Another investing opportunity their clients see is happening in Brazil, which will be hosting the Olympics and the World Cup. "They see the infrastructure spend and they see the commodity move," Stein says. "Our clients have been very receptive to having us overweight in that area."
But finding the best ways to access the emerging markets has been a work in progress over years, says Beyer, who served as a financial advisor at UBS for 20 years before moving to Morgan Stanley more than three years ago.
Beyer began investing in the emerging markets in the 1990s, when there were just two or three mutual funds available as investing options, Beyer remembers. About a decade ago, after the emergence of indexing, Beyer and his practice turned to ETF portfolios.
Beyer worked with Holderith at UBS, and says he found the two were "kindred souls" when it came to using ETFs to invest clients' money, particularly at a time when many wirehouse firms did not subscribe to that idea. Later, working with Holderith and Emerging Global Advisors became an obvious fit, Beyer says.
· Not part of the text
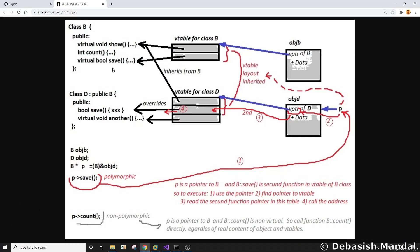I found a useful diagram on the internet to quickly explain what's happening. The first class on the left side is class B, which is the base class. The base class has three functions: show, count, and save. Of these, show and save are virtual functions, as you can see from the virtual keyword. We also have a derived class called class D, which inherits from the base class using 'class D : public B'. This derived class also has a virtual function called 'virtual void another'. After that, we create two objects — one for the base class and one for the derived class.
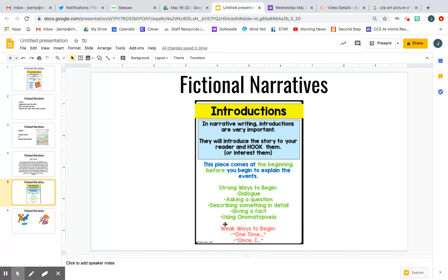Ways that we don't want you to begin are 'one time' or 'once,' because so many stories begin that way. It's a little more exciting to start your story in a different way. So we're going to try our hardest not to start with 'one time' or 'once.'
"We were able to customize portfolios and be more tactical," Stein says. "There wasn't the research at the time to help create a tactical portfolio within that geographic area."
Today, emerging markets account for 15% to 20% of the stock side of a portfolio, on average, for the Beyer Stein Group's clients. The group still uses a core position in the Vanguard Emerging Market Index Fund (VWO), while delving into Emerging Global Advisors ETFs to add alpha to those portfolios. "We have probably two to three of their ETFs in a portfolio at a time," Stein says.
Vanguard's flagship emerging markets fund, which has 100% exposure to the emerging markets, is one of the biggest players that Emerging Global is facing off against. Vanguard also has other ETFs on the market with various levels of exposure to emerging markets, points out Vanguard Senior Investment Strategist Jim Rowley. Among them are the Vanguard FTSE All-World ex-US ETF (VEU), focused on international mid- and large-cap stocks, with about 25% to the emerging markets, and the Vanguard Total International Stock Index (VXUS), focused on large, mid- and small-cap stocks outside of the U.S., with a 23% weight toward the emerging markets.
"We're certainly hearing more buzz about areas such as frontier markets and how to tap the emerging market consumer," Rowley says. "What's important to note as an investor is that as the global economy becomes more integrated, you have companies all over the world ... that are tied into the global economy and therefore tied into emerging markets and their consumers."
Emerging Global Advisors expects that ETFs will be just the beginning: Holderith and Hoekstra plan to expand into a broader asset management firm focused on emerging markets. In the first half of this year, Emerging Global Advisors will launch its first non-ETF institutional products. Those products, like the firm's existing ETFs, will be inspired by client need and, the firm hopes, ultimately help advisors expand their practices.
For Hoekstra, that means an education component: enabling financial advisors and registered investment advisors to provide their clients with new, smart advice on emerging markets.
"That's still possible," Hoekstra says. But there's a specific window of opportunity, he cautions.
"When people have ... the same conversations about emerging markets that they have about [developed] markets," he adds, "then you'll know that we can't differentiate anymore."